To tell you the truth, I was fed up with Mahnaz. It’s true that a married man has more prestige in the community and is accepted among his peers better than a single man, but family life should have some rules. My wife didn’t get home till late at night. Whenever I asked her where she’d been, she said she was either in the library or that she’d been in a class. I asked her why she couldn’t study at home. She said she couldn’t concentrate at home, what with the housekeeping, cooking, cleaning, and then me, and the damn TV. These things would not let her focus on her reading. Well, think about it: I had a wife but she either wasn’t home and, when she was, her head was in a book. So when she said, “We’d better separate,” I agreed without any hesitation, even though it was hard for me to learn to deal with the chores. I mean, although my wife had to go to school, I always had a hot meal, my clothes were washed and ironed, my bed was made, and the apartment was clean and everything was in order. I can’t deny it—she looked after our home well. You should come and see what a mess it is now.
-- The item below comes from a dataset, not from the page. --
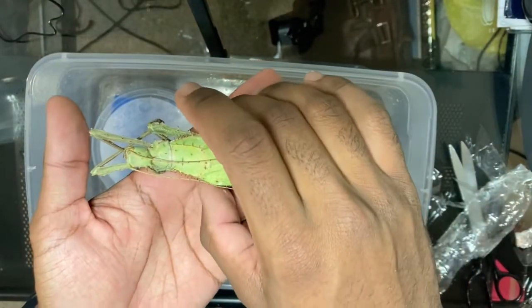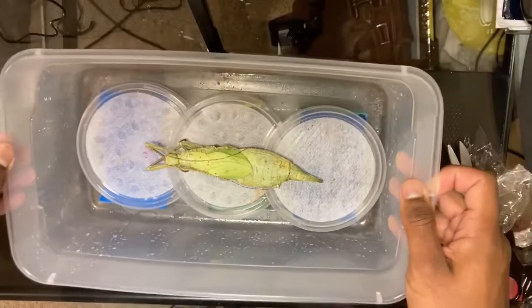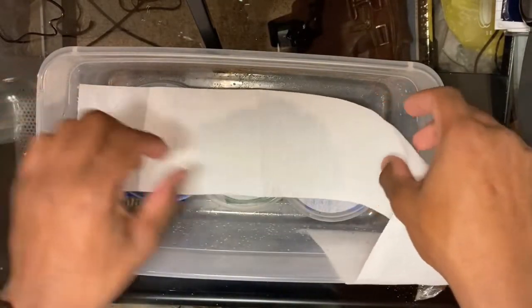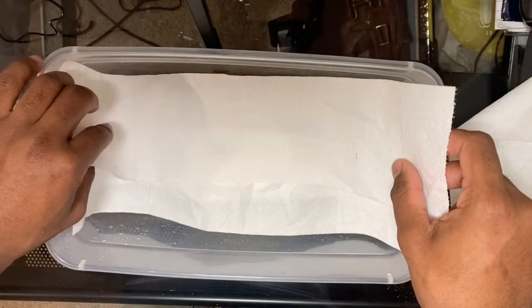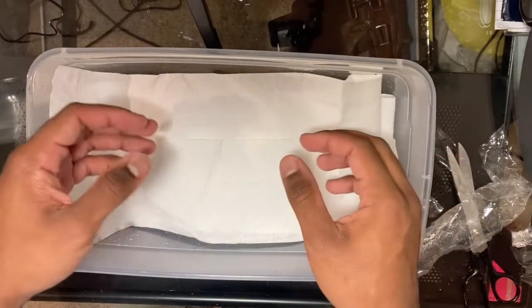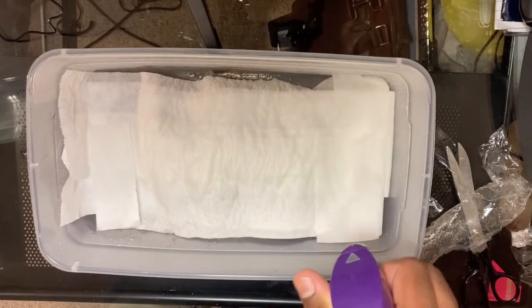Once you've got your insect, you're going to gently place it on top of the lids or whatever you're using as a cover over the sponges. Just lay it right in the middle. Next, you're going to get some toilet paper and lay it right on top of your insect. Apply a couple of layers — you could also use paper towels, it does not have to be toilet paper. Then take a spray bottle and start spraying the toilet paper or paper towels.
“What about your girlfriend?” Ahmad asked. “Doesn’t she help you with housekeeping?”
“Are you kidding me? My girlfriend won’t bother herself to clean my place. And if it isn’t in tidy when she visits, she makes fun of me.”
“What about you?” I asked.
“No girlfriend for me. I am not in a mood to have a girlfriend.”
“Let’s see…” I teased, “you’re waiting for Taraneh.”
“Don’t talk about Taraneh anymore. She’s finished for me.”
Well, it was hard for him that his wife was friendly with another man. It was hard for me, too.